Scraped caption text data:
========================
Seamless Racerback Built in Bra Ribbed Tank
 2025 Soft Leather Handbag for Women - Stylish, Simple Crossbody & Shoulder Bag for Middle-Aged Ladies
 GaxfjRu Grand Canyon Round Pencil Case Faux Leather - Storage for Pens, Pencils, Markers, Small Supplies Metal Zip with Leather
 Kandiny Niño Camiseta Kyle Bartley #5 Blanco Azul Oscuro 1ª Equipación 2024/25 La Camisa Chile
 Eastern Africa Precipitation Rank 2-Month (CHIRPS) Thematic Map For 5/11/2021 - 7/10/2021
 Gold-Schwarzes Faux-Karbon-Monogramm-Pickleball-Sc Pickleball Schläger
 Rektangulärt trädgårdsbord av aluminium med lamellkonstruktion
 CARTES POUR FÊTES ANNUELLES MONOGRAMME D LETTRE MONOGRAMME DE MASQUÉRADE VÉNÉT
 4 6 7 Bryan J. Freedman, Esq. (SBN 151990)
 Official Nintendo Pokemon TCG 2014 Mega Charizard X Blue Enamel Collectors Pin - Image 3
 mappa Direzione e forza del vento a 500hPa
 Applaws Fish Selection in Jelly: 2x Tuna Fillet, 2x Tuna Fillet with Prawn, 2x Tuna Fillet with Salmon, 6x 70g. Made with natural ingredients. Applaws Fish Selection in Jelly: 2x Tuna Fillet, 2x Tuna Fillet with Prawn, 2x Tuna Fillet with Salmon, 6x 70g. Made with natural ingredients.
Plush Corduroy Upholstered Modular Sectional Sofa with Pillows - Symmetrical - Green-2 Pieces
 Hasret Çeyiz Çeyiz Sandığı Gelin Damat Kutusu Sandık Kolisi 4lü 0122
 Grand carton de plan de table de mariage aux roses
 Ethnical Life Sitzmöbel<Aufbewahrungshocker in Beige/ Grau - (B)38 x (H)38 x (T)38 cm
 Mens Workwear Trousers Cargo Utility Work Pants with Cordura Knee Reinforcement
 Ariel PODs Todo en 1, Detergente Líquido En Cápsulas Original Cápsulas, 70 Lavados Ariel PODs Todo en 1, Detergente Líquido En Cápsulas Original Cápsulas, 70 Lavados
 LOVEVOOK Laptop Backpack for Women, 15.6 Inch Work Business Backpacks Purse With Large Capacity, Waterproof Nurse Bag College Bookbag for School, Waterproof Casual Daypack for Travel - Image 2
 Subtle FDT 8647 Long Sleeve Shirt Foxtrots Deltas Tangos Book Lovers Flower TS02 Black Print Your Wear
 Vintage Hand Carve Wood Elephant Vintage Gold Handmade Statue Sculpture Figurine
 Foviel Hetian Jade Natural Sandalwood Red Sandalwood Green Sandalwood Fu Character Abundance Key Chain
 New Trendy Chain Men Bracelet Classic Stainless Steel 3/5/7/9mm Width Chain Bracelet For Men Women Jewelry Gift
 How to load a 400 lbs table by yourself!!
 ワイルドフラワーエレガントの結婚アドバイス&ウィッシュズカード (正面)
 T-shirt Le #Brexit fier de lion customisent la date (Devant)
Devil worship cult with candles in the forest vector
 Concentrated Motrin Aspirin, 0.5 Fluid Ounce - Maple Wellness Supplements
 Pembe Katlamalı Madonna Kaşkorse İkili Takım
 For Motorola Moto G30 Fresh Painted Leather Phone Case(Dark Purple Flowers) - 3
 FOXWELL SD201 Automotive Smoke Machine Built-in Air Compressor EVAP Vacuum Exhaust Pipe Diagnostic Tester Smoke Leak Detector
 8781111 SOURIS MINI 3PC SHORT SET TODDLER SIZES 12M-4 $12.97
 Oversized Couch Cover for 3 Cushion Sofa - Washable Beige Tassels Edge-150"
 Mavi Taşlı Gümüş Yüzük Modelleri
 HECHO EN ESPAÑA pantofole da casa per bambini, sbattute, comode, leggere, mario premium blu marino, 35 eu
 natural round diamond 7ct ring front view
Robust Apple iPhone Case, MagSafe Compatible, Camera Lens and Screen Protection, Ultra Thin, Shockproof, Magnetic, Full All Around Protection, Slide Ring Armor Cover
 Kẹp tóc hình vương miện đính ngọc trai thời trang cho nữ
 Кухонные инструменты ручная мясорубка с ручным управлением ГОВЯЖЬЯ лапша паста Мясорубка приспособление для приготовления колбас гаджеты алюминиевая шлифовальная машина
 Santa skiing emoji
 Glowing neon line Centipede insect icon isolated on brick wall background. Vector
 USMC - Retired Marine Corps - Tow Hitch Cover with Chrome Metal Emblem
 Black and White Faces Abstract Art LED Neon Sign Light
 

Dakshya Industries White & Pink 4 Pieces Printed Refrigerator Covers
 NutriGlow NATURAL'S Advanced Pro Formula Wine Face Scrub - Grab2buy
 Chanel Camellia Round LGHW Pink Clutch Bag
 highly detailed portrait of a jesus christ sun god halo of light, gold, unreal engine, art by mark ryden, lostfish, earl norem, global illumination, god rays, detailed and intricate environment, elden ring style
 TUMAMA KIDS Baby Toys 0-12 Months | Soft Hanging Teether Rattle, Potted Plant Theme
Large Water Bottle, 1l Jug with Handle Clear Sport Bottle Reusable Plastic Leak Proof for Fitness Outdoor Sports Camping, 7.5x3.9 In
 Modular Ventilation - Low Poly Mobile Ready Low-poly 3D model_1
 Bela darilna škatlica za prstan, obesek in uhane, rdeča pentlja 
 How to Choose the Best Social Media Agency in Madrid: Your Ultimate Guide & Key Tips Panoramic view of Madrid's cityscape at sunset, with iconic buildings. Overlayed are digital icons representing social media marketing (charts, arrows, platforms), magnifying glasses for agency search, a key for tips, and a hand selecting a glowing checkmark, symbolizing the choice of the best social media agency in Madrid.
========================
:: Directions ::
Above are the records; copy exactly the lines from the line with "2025 Soft Leather" through the line with "Kandiny Niño Camiseta", both included.

:: Reply ::
 2025 Soft Leather Handbag for Women - Stylish, Simple Crossbody & Shoulder Bag for Middle-Aged Ladies
 GaxfjRu Grand Canyon Round Pencil Case Faux Leather - Storage for Pens, Pencils, Markers, Small Supplies Metal Zip with Leather
 Kandiny Niño Camiseta Kyle Bartley #5 Blanco Azul Oscuro 1ª Equipación 2024/25 La Camisa Chile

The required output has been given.